Vandal Hearts II's character-development system is limited when compared with that of the original, keeping things nicely framed and manageable. Unlike Final Fantasy Tactics' sprawling and unfocused job system, you can customize your characters with the game's wide assortment of weapons. Each weapon has one or more spells or abilities locked inside it. While initially inactive, a spell opens up after you've carried it in battle for several turns. Once a spell has been unlocked, it can be transferred to another weapon of the same type, making it beneficial to you to have characters that specialize in one type of weapon. While it is a little frustrating that you must stomp around the battlefield for a while to activate a weapon's abilities, you can enter any battlefield from the overworld map at any time to quickly enable whatever new spells your party may have before it fights any story-critical battles.

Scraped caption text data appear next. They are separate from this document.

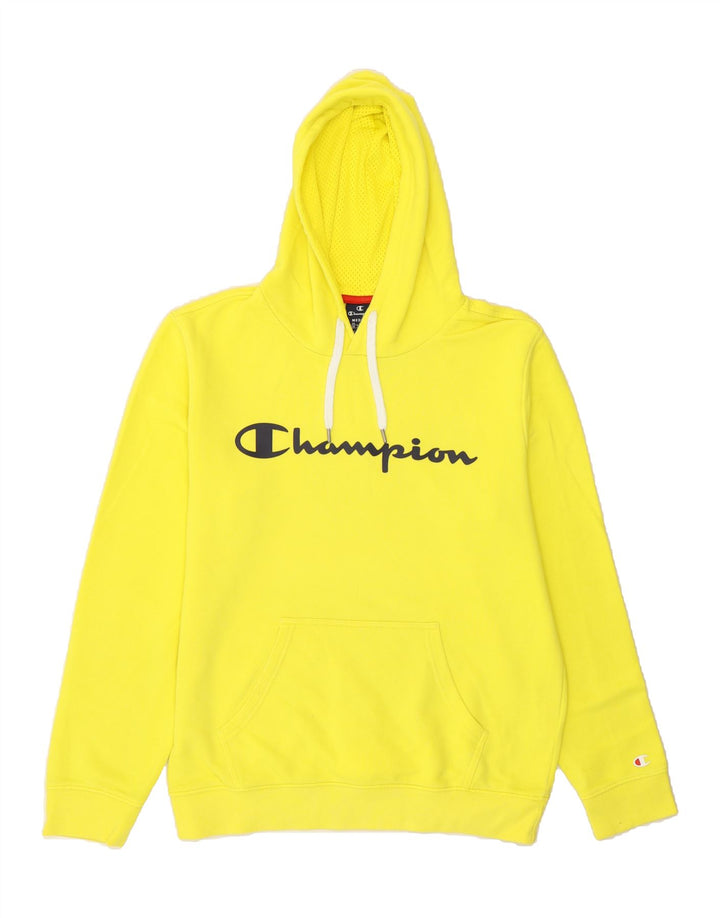 CHAMPION Mens Graphic Hoodie Jumper Medium Yellow Cotton Vintage Champion and Second-Hand Champion from Messina Hembry 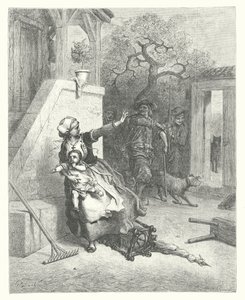 De fabels van La Fontaine: De wolf, de moeder en het kind (gravure) door Gustave Dore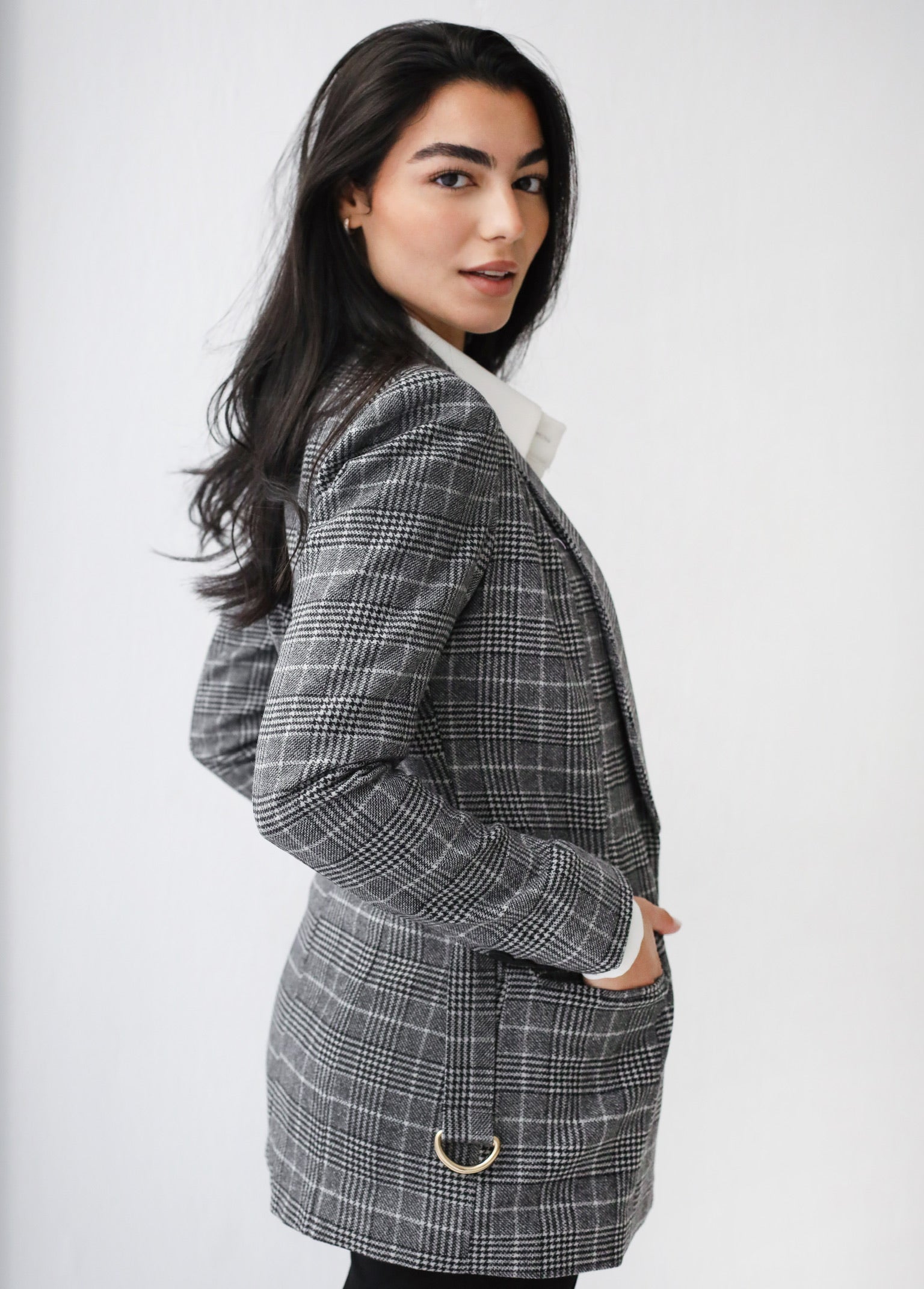 Elite Wool Grey Checked Blazer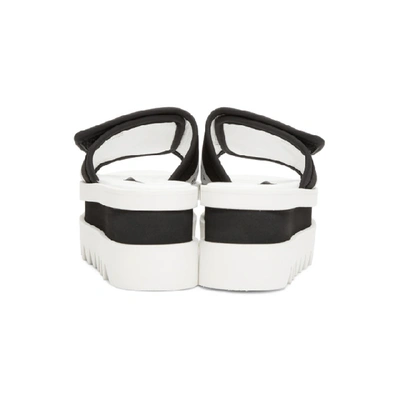 Shop Stella Mccartney Black And White Sneak-elyse Slide Sandals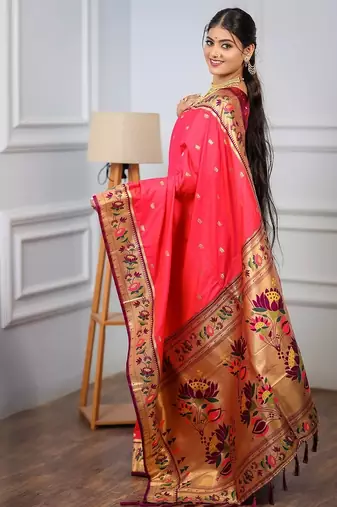 pink color weaving paithani gold copper zari weaving meenakari  border saree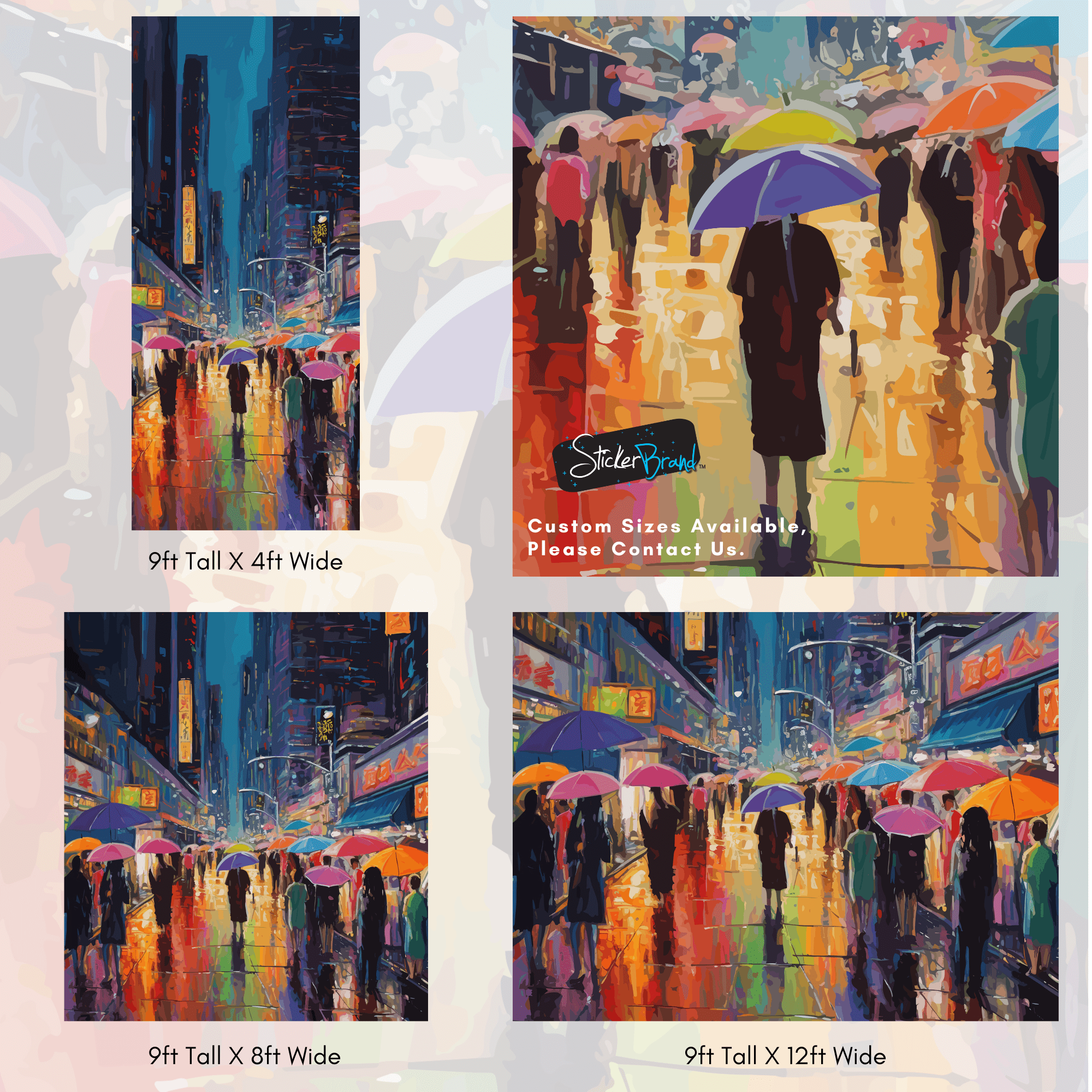 Raining Cityscape Wallpaper Mural - Abstract Color Mural. #6762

Vandal Hearts II's visuals are just above average. The battlefield graphics are a few notches below Final Fantasy Tactics', but the battlefields themselves are much larger, making this an acceptable sacrifice. However, the squatty sprite-based characters that frolic on the maps are poorly animated and drawn. Worse still are the character portraits, all of which have awkward facial expressions and eight-bit-quality color depth. The orchestral soundtrack, however, is grandiose and epic, helping greatly to enhance the mood where the graphics don't.
While Vandal Hearts II lacks the grand feel of Final Fantasy Tactics, it is a solid and rewarding strategy-RPG. It has flaws of its own, but it doesn't fall into the pitfalls that frustrated many of Final Fantasy Tactics' players, making it well suited for both veterans and newcomers to the genre.